A cohort of consecutive subdural hematoma evacuation patients from one University Medical Centre was assessed with post-operative intracranial air volume measurements by computed tomography. Intracranial pressure changes related to estimated intracranial air volume effects of changing atmospheric pressure (simulating flight and cabin pressure changes up to 8000 ft) were simulated using an established model for intracranial pressure and volume relations.
Approximately one third of the cohort had post-operative intracranial air. Of these, approximately one third had intracranial air volumes less than 11 ml. The simulation estimated that the expected changes in intracranial pressure during ‘flight’ would not result in intracranial hypertension. For intracranial air volumes above 11 ml, the simulation suggested that it was possible that intracranial hypertension could develop ‘inflight’ related to cabin pressure drop. Depending on the pre-flight intracranial pressure and air volume, this could occur quite early during the assent phase in the flight profile.
These findings support the idea that there should be radiographic verification of the presence or absence of intracranial air after craniotomy for patients planned for long distance air transport.
Very small amounts of air are clinically inconsequential. Otherwise, air transport with maintained ground-level cabin pressure should be a priority for these patients.

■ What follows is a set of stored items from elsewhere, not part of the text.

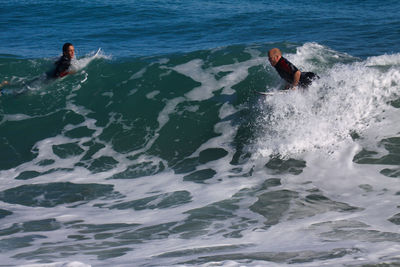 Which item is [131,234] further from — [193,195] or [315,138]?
[315,138]

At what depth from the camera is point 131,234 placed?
20.1 ft

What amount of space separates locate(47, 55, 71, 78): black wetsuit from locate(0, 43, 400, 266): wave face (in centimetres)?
26

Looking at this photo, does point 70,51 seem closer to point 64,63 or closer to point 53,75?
point 64,63

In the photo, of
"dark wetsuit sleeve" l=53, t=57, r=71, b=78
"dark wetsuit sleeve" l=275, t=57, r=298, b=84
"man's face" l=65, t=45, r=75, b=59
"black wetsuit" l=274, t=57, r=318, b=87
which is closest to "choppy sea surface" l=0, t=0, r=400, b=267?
"black wetsuit" l=274, t=57, r=318, b=87

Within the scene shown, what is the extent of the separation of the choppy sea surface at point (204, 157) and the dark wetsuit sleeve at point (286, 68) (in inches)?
17.2

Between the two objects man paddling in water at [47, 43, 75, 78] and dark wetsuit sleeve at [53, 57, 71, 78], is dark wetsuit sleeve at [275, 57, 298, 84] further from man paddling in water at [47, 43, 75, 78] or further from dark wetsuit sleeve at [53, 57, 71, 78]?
dark wetsuit sleeve at [53, 57, 71, 78]

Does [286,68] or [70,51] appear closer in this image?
[286,68]

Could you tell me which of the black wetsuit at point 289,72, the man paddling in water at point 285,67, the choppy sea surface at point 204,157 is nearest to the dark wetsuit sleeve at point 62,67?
the choppy sea surface at point 204,157

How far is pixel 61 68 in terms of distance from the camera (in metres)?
11.9

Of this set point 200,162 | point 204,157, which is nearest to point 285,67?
point 204,157

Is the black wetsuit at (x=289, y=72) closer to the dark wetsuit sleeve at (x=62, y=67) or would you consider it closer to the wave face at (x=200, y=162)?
the wave face at (x=200, y=162)

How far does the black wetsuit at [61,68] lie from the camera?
1163cm

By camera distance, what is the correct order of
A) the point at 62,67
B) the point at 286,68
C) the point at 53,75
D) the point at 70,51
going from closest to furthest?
the point at 286,68 → the point at 70,51 → the point at 62,67 → the point at 53,75

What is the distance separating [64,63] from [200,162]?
4.70m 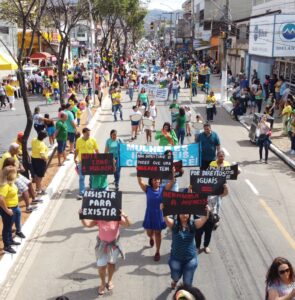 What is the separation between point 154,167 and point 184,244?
2381 mm

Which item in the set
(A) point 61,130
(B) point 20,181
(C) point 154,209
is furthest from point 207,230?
(A) point 61,130

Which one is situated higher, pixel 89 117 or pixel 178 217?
pixel 178 217

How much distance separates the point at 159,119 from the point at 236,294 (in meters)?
16.4

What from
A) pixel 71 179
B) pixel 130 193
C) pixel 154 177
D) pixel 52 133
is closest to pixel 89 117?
pixel 52 133

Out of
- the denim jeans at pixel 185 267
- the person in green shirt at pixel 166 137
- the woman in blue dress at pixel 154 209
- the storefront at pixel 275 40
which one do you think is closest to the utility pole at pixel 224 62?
the storefront at pixel 275 40

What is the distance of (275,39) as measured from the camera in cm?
2361

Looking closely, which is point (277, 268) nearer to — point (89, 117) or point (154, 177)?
point (154, 177)

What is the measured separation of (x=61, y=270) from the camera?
7797 millimetres

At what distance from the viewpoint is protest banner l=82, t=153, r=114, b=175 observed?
9.59m

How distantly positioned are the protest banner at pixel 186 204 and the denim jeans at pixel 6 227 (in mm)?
3024

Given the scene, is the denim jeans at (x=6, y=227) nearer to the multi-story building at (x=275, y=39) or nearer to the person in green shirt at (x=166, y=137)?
the person in green shirt at (x=166, y=137)

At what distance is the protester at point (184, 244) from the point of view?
20.8 feet

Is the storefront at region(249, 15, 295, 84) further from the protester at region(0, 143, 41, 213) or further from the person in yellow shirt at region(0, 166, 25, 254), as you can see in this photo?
the person in yellow shirt at region(0, 166, 25, 254)

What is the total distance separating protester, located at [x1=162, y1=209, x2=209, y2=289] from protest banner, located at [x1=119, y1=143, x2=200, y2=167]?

Air that occurs in body spaces that normally do not contain air, or cannot eliminate the air directly by some form of ventilation, normally will be resorbed over time and disappear. If intracranial air is present post-operatively [1, 2], for example after the surgical evacuation of an intracranial expansive lesion, it will also be resorbed over time, over weeks [3, 4]. In modern, centralized, specialty care, patients receiving neurosurgical operative interventions (commonly borr hole or mini-craniotomy) at a tertiary care hospital may be transported back to their home hospital early after their operation accompanied by critical care personnel [5, 6], where post-operative intracranial air (if present) has not yet been resorbed. This study concerns assessment of risk for adverse medical consequences related to expansion of post-operative intracranial air. This is a clinical risk for patients who are transported post-operatively between hospitals by fixed wing air ambulance, where cabin pressures change in-flight.
When inside the cabin of an aircraft gaining altitude with the cabin pressure valve in the usual operating position, cabin pressure will decrease down to 0.74 atm, and air in closed body spaces will expand according to Boyle’s ‘law’ (a fixed relationship between gas volume, pressure, and temperature) . In theory, if the flight altitude change occurs more slowly, and likewise the cabin pressure change also occurs more slowly, then it is thought that ICP changes might not be as dramatic, related to cerebrospinal fluid flow out of the cranium over time .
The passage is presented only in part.